Beschreibt dieses Paradoxon nicht ziemlich genau die Lage, in der wir sind? Und: Ist jemand, der pausenlos am Abgrund steht, eigentlich noch gefährdet? (Er steht doch seit geraumer Zeit auf stabilem Grund!)
Das Anstrengende ist zumindest, dass sich diese Absurditäten in Spiralen in panischem Tempo drehen, und der Dax und Dow Jones sind nur noch Abbilder dieser Spiralen.
Griechenland folgt seinem Willen.
Griechenland zerstört sich damit selbst.
Ergo: Wer seinem Willen folgt, zerstört sich selbst.
Gut, also, dass das Referendum abgesagt wurde! Oder doch nicht?
Ständige Scheinnotwendigkeiten
Und dann immer diese Scheinnotwendigkeiten! Warum ist es so wichtig, dass die Slowakei mit ihren sieben Milliarden beim Rettungsschirm dabei ist? Wir hebeln das Ding doch eh auf eine Billion, mit oder ohne Slowakei.
Das ist mehr als pseudophilosophische Spielerei. Denn über diese Widersprüche stoßen wir zum chimärenhaften Kern der Euro-Rettung vor: Es geht um die Erzeugung einer Illusion, die mittlerweile nur noch durch Hebelung aufrechterhalten werden kann. Ein Zauberkünstler würde hier kapitulieren, er hat nur eine Stufe der Illusion, bevor er die Frau zersägt.

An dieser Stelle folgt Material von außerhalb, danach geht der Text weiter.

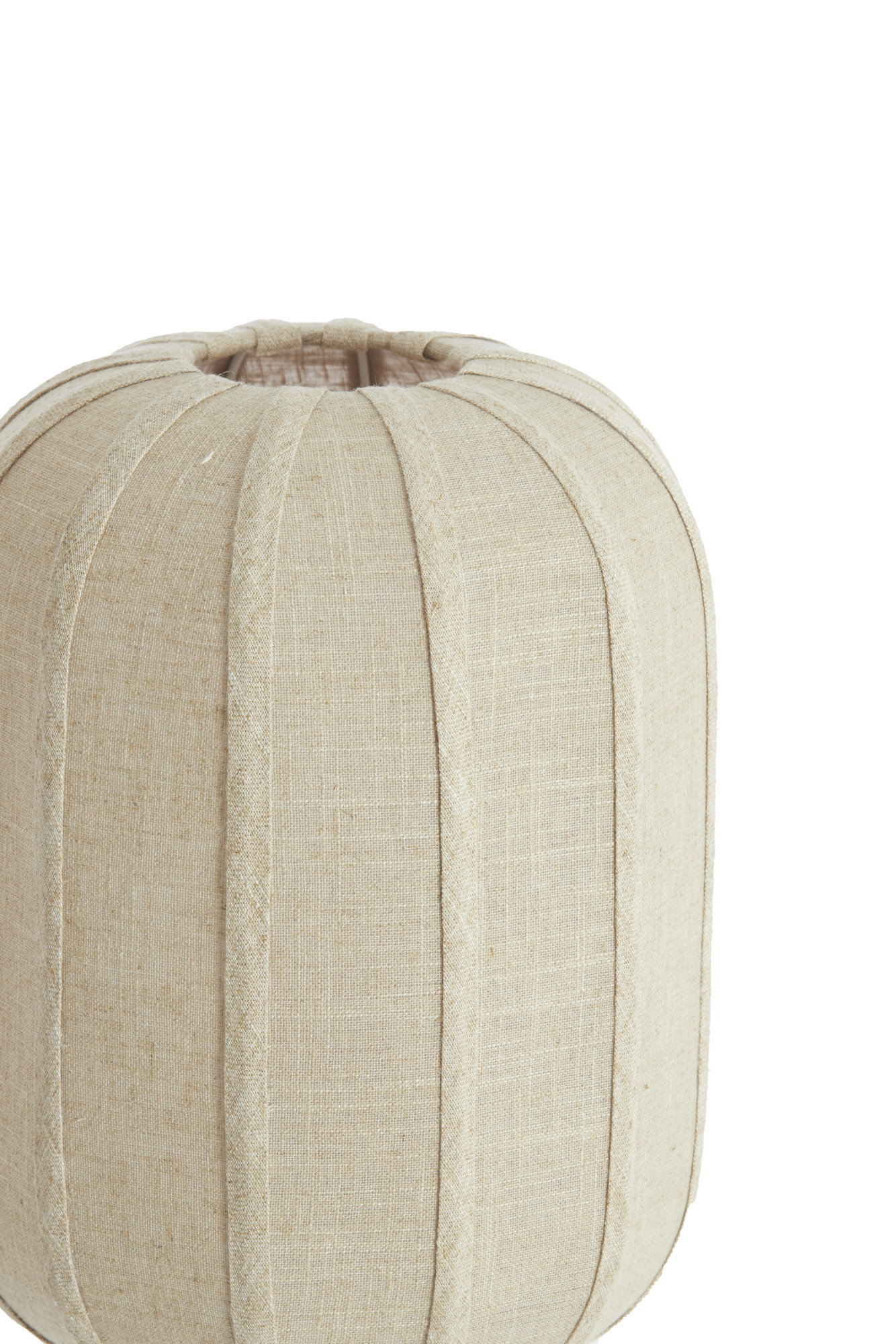 light&living-lámparademesa-solune-natural-metal-ø25cm-e27-1898413-1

Ein Staatengebilde wie Europa braucht inzwischen die Multiplizierung, in der Hoffnung, den Hebel entweder nicht zu nutzen oder ihn sanft zurückzufahren, bis die Lage so ruhig geworden ist, dass sich wieder ganz normal weiter verschuldet werden kann. Oder das Problem gelöst wird: Dass wir wieder genug wachsen, um so zu leben, wie wir leben.
Calvinistsicher ausgedrückt: Dass wir soviel ausgeben, wie wir einnehmen.
Eine Rettung ist ein Akt der Menschlichkeit.
Die Euro-Rettung ist voller Grausamkeiten.
Ergo: Was voller Grausamkeiten ist, ist ein Akt der Menschlichkeit.
Man müsste also den Griechen nur noch erklären, dass das Schlechte das Gute ist, oder dass es einem schlecht gehen muss, damit es einem wieder gut geht. Das ist Europa im Jahr 2011!
Ist der Bluff nun verloren?
Zumindest hatte Giorgos Papandreou ein neues Ass aus dem Ärmel geschüttelt, in einem Spiel, in dem schon viel zu viele Asse sind, und gleich wieder eingesammelt. Kurz gärte in Deutschland die berechtigte Frage, warum eigentlich nur die Geretteten und nicht auch die Retter über die Rettung abstimmen sollen.
Wir müssen das alles gar nicht mehr verstehen, denn bis wir es verstanden haben, müssen wir schon wieder das Gegenteil verstehen.
Je mehr Europa uns Sorgen macht, desto mehr Freude bringt es.